Mit bebenden Fingern griff ich in meine Hosentasche und holte das zerknitterte Bild heraus, dass ich von ihm hatte. Er war älter auf meinem Bild. Älter als auf jedem Bild das hier stand. Langsam reichte ich es ihr und sah, wie sie erschrocken ihre Hand zum Mund führte. Sie nahm es mir aus der Hand und sah es lange an, bevor sie zärtlich über sein Gesicht strich. 
"Sein Lächeln war früher so ansteckend." Erklärte ich und lächelte tatsächlich als ich seine stolzen Züge in mich aufsog. Er trug jetzt einen Bart und lange Haare. Er wirkte erwachsener. Er wirkte regelrecht alt. Gerade im Vergleich.
"Heute ist es traurig." Sagte ich dann und schloss die Augen. Erinnerte mich an sein Gesicht. "Früher liebte er es Leute zum Lachen zu bringen." Sagte Miranda und riss mich aus meinen Gedanken. "Er hat immer Witze erzählt, die so blöd waren..." Leise lachte sie auf. 
"Als er wiedergekommen ist war er so anders. Er war ein Fremder." Sagte sie und setzte sich auf das kleine Sofa, dass im Raum stand. "Ich kenne ihn nur so." Sagte ich und ließ mich ihr gegenüber nieder. 
Ich kannte ihn nur als diesen Fremden. Ich liebte ihn als diesen Fremden. Ich... "Wie ist er so?" Fragte sie mich, als würde ich ihr von jemandem erzählen den sie nicht kannte. Nicht von ihrem Sohn. 
"Er ist schroff und rau. Und gleichzeitig sanft und zärtlich. Er ist mutig, furchtlos und stark. Und er liebt bedingungslos." Erklärte ich und wischte mir über die Augen. "Aber er hält sich für das absolut Böse." Ich lachte verbittert. "Er liebt so innig und doch erlaubt er es niemanden ihn zu lieben. Ihm zu helfen..." Ich brach ab. Sie nickte. "Eigentlich hat er sich dann gar nicht so sehr verändert." Wieder strich sie über das Bild. Zärtlich, als hätte sie Angst ihn zu verletzen.

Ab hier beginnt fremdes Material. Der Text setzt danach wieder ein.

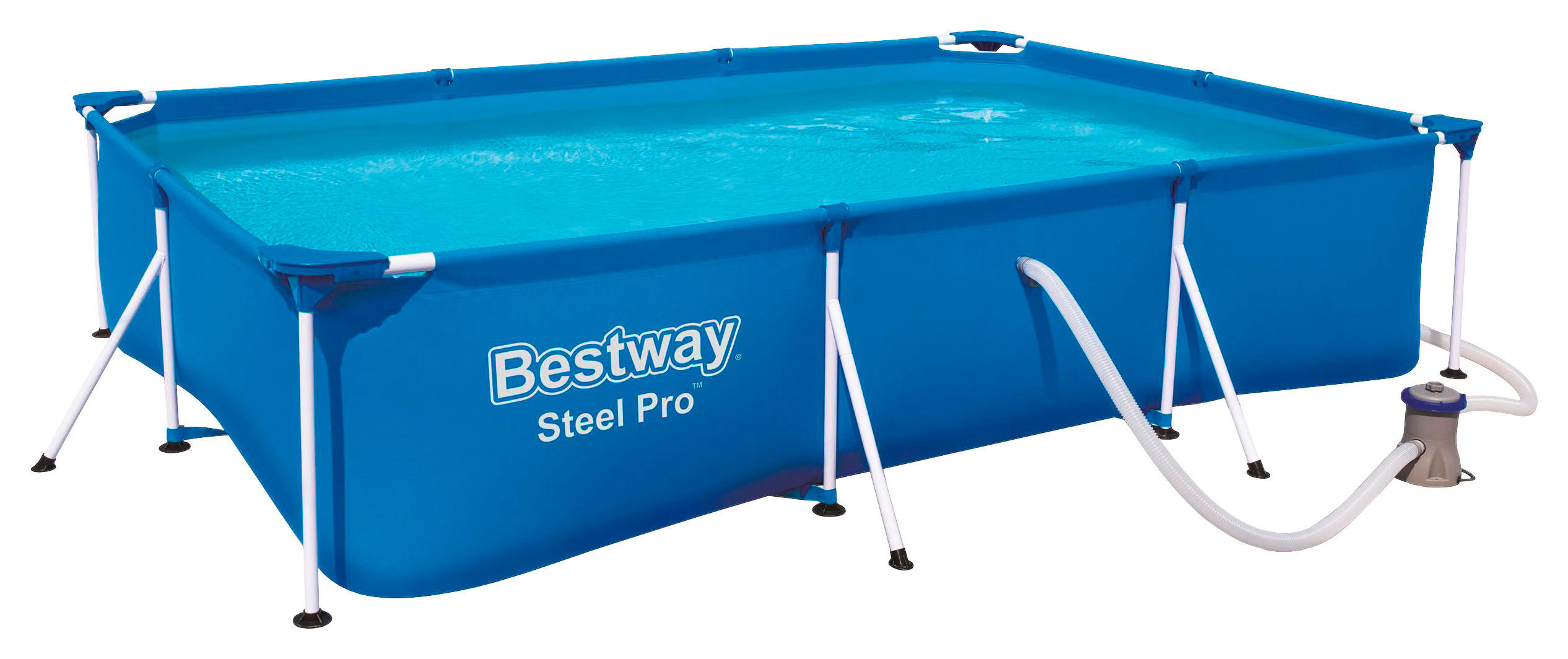 Bestway Pool Steel Pro Frame Pool-Set B/H/L: ca. 201x66x300 cm Steel Pro Frame Pool-Set - blau (300,00/201,00/66,00cm) - Bestway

"Als er wiedergekommen ist war er ein Fremder. Er war ein Wrack. Er hatte diese Träume und diese Anfälle. Er hat die Kontrolle verloren, war Aggressiv und..." Diesmal strich sie sich eine Träne weg. "Er kann sich selbst nicht vergeben. Auch wenn es nichts zu vergeben gibt." Sagte ich und sie lächelte mir zu. "Mit mir hat er nie darüber gesprochen was passiert ist. Bei diesem letzten Einsatz. Er kam zurück und war nicht mehr der selbe." Ihr Blick verlor sich hinter mir. "Ich habe bei diesem Einsatz meinen Sohn verloren." Sie zuckte verloren mit den Schultern. "Egal was alle sagen, er ist bei diesem Einsatz ebenfalls gestorben." Ihr Blick fokussierte sich wieder auf mich. "Ich weiß nicht wen du getroffen hast. Aber meinen Sohn, den gibt es nicht mehr. Und ich habe schon lange die Hoffnung aufgegeben ihn zurückzubekommen. Und wenn ich Ihnen einen Rat geben darf, Miss Baker?" Sagte sie erschöpft. "Sie sollten nicht ihr Leben vergeuden, weil sie auf etwas warten, das nie passieren wird."